Consider the Transportation Security Administration. While there hasn't been another hijacking since the TSA’s creation, intrusive security measures have caused millions of travelers to drive instead of fly for short trips. Driving is riskier than flying by orders of magnitude, and the resulting difference in flying rates may have caused several hundred deaths each year. Unless the enhanced pat-downs and body scans are preventing several large airline crashes each year, then the policy is causing more deaths, not fewer.
Like the examples above, the policy tools for preventing multiple victim public shootings are limited and have large attendant costs.
Some state and local governments have enacted gun-free zones without noting the irony that nearly every multiple victim public shooting takes place in a gun-free zone.

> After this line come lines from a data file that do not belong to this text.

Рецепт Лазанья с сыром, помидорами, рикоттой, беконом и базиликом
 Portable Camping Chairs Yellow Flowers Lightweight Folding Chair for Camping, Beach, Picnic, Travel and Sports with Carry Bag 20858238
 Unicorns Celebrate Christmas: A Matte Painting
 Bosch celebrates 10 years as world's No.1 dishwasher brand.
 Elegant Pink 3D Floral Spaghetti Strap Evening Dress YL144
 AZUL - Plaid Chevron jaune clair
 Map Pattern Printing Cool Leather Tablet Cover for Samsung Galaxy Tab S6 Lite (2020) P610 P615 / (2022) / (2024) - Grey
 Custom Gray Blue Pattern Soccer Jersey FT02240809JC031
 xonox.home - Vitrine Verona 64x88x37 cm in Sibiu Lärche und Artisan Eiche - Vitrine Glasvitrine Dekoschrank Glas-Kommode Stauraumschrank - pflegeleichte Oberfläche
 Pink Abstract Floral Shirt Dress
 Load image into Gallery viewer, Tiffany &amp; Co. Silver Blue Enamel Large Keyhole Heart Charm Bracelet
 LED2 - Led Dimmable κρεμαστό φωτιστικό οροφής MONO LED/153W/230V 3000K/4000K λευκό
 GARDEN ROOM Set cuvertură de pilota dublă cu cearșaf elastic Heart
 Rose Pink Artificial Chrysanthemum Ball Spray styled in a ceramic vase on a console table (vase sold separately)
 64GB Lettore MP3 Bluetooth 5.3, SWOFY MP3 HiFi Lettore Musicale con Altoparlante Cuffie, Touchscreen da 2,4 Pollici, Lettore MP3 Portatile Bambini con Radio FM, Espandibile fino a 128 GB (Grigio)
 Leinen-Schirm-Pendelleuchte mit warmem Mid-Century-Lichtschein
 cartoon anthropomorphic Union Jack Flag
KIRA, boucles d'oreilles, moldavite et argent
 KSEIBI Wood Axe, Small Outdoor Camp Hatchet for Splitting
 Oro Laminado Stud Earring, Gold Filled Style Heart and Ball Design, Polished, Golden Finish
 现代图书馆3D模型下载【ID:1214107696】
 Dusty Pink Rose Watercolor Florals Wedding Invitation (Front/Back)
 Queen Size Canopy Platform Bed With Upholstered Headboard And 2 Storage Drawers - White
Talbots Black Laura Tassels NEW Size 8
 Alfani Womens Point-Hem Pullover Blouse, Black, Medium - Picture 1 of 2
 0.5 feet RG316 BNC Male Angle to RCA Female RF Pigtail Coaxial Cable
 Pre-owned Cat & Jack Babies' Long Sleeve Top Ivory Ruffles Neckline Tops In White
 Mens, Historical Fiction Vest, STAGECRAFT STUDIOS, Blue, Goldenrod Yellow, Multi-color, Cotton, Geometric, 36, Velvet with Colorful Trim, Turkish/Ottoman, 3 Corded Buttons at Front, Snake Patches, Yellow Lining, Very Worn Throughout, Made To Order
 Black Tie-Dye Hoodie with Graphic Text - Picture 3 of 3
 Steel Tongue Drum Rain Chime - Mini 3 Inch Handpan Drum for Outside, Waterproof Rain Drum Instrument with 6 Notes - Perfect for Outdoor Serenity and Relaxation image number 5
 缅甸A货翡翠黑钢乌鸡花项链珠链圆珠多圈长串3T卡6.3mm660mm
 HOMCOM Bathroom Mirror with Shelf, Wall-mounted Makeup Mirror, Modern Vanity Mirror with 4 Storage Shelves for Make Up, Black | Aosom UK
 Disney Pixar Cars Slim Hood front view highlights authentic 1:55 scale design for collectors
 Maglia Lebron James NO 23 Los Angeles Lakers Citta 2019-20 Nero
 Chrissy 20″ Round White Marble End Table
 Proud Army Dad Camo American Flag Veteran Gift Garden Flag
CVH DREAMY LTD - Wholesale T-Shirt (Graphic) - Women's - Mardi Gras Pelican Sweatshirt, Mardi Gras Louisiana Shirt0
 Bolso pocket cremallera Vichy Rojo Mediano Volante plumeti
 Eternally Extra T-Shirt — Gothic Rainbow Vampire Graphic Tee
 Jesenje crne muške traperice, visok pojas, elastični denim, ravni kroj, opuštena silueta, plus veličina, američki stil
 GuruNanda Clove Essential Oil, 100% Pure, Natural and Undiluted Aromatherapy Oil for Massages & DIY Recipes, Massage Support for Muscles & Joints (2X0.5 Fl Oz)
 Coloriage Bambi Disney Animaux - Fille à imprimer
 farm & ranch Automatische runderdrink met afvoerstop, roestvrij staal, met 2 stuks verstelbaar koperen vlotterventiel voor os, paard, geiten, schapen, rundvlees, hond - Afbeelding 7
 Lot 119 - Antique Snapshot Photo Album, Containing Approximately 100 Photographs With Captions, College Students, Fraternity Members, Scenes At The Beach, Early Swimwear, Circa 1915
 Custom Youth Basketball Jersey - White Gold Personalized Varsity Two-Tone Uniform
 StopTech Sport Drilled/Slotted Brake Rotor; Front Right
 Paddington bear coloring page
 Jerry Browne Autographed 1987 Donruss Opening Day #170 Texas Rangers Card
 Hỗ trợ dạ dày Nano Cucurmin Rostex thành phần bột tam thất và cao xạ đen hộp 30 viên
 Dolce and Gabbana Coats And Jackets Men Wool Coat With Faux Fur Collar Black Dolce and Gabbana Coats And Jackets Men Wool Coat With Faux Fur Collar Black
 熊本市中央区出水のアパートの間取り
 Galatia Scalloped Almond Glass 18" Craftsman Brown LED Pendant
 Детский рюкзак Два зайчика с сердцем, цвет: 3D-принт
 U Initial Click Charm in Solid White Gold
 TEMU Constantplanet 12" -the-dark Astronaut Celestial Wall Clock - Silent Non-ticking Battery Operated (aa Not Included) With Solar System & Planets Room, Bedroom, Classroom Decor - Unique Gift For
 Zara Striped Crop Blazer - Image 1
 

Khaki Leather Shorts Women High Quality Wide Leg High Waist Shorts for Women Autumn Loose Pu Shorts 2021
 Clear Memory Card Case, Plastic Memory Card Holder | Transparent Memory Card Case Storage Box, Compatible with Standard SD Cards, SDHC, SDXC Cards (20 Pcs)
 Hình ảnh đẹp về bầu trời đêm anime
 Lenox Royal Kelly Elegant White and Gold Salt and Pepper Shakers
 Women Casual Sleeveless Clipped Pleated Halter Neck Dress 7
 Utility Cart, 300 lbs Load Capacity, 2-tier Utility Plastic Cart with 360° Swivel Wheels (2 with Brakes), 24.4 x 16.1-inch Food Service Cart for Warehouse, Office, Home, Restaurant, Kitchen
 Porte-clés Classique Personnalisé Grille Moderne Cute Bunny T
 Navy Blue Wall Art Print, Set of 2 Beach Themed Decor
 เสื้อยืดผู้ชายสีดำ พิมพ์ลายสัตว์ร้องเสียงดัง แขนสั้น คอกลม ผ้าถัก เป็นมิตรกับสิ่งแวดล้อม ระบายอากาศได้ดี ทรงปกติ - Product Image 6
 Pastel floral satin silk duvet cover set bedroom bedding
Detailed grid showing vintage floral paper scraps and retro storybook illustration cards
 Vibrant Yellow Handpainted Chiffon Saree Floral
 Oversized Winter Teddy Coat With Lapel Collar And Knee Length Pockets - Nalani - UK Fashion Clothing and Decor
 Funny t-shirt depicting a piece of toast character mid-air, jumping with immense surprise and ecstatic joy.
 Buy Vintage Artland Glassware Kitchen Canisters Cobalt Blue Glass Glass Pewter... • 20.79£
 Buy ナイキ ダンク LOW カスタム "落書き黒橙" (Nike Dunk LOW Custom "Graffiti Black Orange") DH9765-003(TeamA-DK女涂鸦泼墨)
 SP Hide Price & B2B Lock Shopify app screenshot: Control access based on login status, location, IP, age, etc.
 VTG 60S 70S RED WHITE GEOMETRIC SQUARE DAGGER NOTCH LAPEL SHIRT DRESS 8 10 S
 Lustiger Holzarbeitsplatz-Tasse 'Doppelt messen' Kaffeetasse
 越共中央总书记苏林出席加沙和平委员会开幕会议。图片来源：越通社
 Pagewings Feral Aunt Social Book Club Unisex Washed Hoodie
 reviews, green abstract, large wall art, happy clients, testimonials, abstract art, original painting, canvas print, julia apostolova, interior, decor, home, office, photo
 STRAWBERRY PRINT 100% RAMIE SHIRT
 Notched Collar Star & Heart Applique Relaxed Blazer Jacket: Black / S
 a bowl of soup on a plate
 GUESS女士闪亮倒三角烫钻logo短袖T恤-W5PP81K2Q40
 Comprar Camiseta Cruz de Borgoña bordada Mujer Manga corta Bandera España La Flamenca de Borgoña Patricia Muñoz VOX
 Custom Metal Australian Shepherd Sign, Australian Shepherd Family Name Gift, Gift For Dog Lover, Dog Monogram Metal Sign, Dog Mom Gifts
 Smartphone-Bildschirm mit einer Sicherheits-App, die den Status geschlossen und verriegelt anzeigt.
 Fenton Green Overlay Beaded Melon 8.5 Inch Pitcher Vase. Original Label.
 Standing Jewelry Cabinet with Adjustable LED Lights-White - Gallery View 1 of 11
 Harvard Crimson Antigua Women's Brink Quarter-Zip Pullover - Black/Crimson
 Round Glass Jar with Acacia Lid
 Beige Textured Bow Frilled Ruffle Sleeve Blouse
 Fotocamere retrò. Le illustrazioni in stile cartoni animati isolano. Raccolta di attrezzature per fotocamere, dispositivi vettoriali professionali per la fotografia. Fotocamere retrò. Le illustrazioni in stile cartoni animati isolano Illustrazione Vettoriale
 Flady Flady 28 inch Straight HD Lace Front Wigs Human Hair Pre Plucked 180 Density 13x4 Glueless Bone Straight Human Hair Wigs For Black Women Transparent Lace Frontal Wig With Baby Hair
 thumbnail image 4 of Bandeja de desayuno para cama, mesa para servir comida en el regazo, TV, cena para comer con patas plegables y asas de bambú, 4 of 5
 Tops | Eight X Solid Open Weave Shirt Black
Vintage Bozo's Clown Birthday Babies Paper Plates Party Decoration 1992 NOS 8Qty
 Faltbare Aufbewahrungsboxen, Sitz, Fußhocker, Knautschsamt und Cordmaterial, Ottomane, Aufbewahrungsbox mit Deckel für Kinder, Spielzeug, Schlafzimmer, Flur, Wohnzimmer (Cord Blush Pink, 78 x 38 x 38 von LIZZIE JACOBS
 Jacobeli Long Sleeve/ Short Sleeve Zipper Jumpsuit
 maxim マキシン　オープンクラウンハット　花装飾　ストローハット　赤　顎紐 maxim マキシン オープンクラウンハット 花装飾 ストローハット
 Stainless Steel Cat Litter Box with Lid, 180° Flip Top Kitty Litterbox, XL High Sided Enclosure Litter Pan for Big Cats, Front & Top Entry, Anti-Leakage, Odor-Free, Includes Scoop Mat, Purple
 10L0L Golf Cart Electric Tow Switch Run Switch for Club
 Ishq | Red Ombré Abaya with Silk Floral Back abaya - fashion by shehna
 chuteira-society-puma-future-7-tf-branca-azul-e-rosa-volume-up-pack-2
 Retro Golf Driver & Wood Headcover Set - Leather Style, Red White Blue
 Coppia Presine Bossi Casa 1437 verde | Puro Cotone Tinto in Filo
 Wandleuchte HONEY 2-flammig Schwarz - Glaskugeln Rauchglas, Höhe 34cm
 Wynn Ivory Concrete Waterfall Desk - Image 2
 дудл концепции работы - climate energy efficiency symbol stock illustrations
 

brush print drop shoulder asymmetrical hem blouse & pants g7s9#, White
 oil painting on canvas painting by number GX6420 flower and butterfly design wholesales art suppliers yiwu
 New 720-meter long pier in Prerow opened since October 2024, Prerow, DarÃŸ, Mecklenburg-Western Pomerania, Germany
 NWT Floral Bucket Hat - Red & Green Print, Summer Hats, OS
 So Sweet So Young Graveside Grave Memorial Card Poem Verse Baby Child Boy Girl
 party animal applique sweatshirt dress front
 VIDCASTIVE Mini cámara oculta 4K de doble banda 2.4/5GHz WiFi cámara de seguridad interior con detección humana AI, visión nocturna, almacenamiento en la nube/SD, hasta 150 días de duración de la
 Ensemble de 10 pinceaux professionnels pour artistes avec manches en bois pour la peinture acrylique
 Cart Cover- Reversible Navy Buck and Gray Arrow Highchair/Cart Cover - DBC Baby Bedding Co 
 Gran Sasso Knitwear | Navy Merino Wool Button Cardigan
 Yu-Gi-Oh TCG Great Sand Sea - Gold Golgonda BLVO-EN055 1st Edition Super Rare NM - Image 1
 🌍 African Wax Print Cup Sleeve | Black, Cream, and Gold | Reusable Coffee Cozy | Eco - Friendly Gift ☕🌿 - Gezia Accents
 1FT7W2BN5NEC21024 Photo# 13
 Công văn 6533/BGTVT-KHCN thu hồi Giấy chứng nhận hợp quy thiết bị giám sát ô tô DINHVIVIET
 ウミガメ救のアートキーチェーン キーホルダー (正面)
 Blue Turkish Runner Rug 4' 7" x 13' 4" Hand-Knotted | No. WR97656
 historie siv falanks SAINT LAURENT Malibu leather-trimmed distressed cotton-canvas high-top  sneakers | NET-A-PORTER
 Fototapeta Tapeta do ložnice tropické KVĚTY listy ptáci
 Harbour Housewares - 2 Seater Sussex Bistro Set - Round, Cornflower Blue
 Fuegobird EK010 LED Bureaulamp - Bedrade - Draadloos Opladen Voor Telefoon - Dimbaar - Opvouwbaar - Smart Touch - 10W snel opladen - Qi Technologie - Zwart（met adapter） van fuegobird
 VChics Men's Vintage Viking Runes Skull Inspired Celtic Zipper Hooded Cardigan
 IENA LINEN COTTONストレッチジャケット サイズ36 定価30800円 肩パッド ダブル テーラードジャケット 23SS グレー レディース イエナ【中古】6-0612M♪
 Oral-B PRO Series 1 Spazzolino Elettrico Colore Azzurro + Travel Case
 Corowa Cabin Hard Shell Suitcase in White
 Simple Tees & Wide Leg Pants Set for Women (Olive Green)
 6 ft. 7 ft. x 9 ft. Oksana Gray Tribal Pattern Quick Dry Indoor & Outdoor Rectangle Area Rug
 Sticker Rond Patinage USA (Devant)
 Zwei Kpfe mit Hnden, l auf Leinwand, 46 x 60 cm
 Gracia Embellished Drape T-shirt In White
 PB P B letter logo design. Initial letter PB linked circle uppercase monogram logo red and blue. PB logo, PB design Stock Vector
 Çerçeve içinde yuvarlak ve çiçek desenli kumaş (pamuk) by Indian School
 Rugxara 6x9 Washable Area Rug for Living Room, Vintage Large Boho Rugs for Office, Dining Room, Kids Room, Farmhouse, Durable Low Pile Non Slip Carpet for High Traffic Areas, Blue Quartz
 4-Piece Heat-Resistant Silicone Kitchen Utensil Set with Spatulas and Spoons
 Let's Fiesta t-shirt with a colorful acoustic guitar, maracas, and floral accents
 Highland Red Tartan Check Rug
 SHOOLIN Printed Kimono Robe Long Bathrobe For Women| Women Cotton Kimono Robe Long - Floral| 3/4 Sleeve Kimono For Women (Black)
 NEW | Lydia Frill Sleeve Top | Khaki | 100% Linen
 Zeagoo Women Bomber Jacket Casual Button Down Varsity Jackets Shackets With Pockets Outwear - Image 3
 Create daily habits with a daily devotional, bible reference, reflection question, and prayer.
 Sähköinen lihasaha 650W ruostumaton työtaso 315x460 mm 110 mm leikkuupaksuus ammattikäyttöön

Police were on the scene in Aurora within 90 seconds of the first 9/11 call, but by then the damage was done. At Columbine High School the two shooters had killed thirteen people, then themselves, before SWAT entered the campus. Police are sometimes able to confront shooters and shorten the duration of a rampage--so are armed citizens--but they primarily provide emergency services after the shooting is over, and by then most of the victims are already dead. It would be impossible to give police greater powers without significant loss of freedom, and we have no reason to expect this to eliminate mass shootings.
A total ban on guns is another policy that won't help. Not only are criminals unlikely to adhere to gun laws, but guns are used defensively by hundreds of thousands of law-abiding Americans each year. Nor are guns required for killing large numbers of innocents. Timothy McVeigh was able to kill 168 people armed primarily with fertilizer and car fuel. His attack was executed with a budget of less than $5,000. But you don't have to take my word for it: countries with gun bans still suffer from mass shootings.
What prevents more multiple victim public shootings from occurring is not a police deterrent, gun bans, gun free zones, or even laws against murder. Rather, they are relatively rare simply because most people are unwilling to do such a thing, and perhaps this is why mass shootings are so frightening. As Adam Bates noted in the Daily Caller, many mass murderers are insane, and the lesson is that "there are some problems for which there is simply no tangible solution."
This doesn't mean we are doomed, by any means. We live in one of the least violent periods in the history of mankind. The trend of lower violence will probably continue, but it will result from the shared moral values of the American populace. We should think twice before enacting policies aimed at eliminating multiple victim public shootings, because the costs of doing so almost certainly outweigh the benefits.